This problem is from my teacher and I think their answer is wrong.
The problem is in the context of table tennis.
The players in the tournament final are Ani and Bertha. The score in the game is drawn at 20-20. The final game will continue until one player has scored two more points than the other. It is known from previous games between Ani and Bertha that the probability of Ani winning each point is 0.6. Find the probability that Ani will win the game after exactly 8 more points.

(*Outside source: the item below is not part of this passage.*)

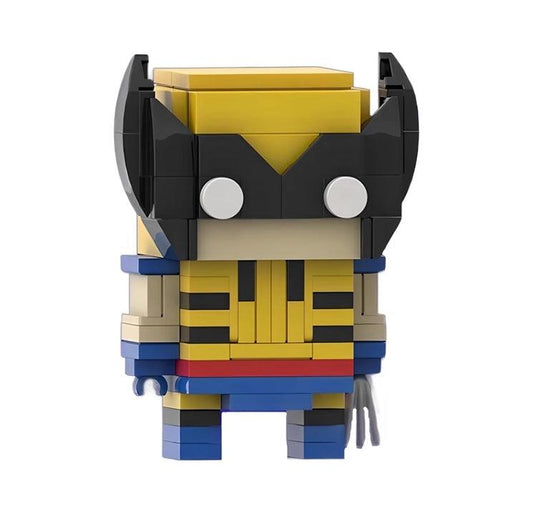 MOC Custom Marvel X-Men BrickHeadz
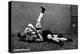 The Pin: Russian Wrestlers-null-Stretched Canvas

I think that this means that, over the next 6 games on the 2nd, 4th and 6th game Ani and Bertha need to have a draw. For each draw there are two possible paths. Ani wins then Bertha or Bertha then Ani. After the 6th game Ani just needs to win twice to win after exactly 8 points.
However my teacher says that:
If Bertha wins the first game, it is not possible for Ani to win after exactly 8 points.
and also asserts that there is only one path to the desired outcome. Using this they find the probability of Ani winning after exactly 8 points to be 0.005. (
Here is the linked image: 
I found an alternate answer using multiple paths.
$P(\text{Ani winning a game})=0.6$
$P(\text{Bertha winning a game})=0.4$
$P(\text{Ani win after 8 points})=2\dot(0.4 \cdot 0.6)\cdot2\dot(0.4 \cdot 0.6)\cdot2\dot(0.4 \cdot 0.6)\cdot(0.6\cdot0.6)=0.040\ (2sf)$
After I found this answer I asked my teacher if the proposed answer was correct. My teacher replied saying that there was nothing wrong with it.
Am I missing something painfully obvious and if so what? or is the teacher's answer incorrect?
Best Answer
I think your teacher is wrong. He shows BAA as a win for Annie, but it's not. He has confused "ahead by two" with "win two in a row".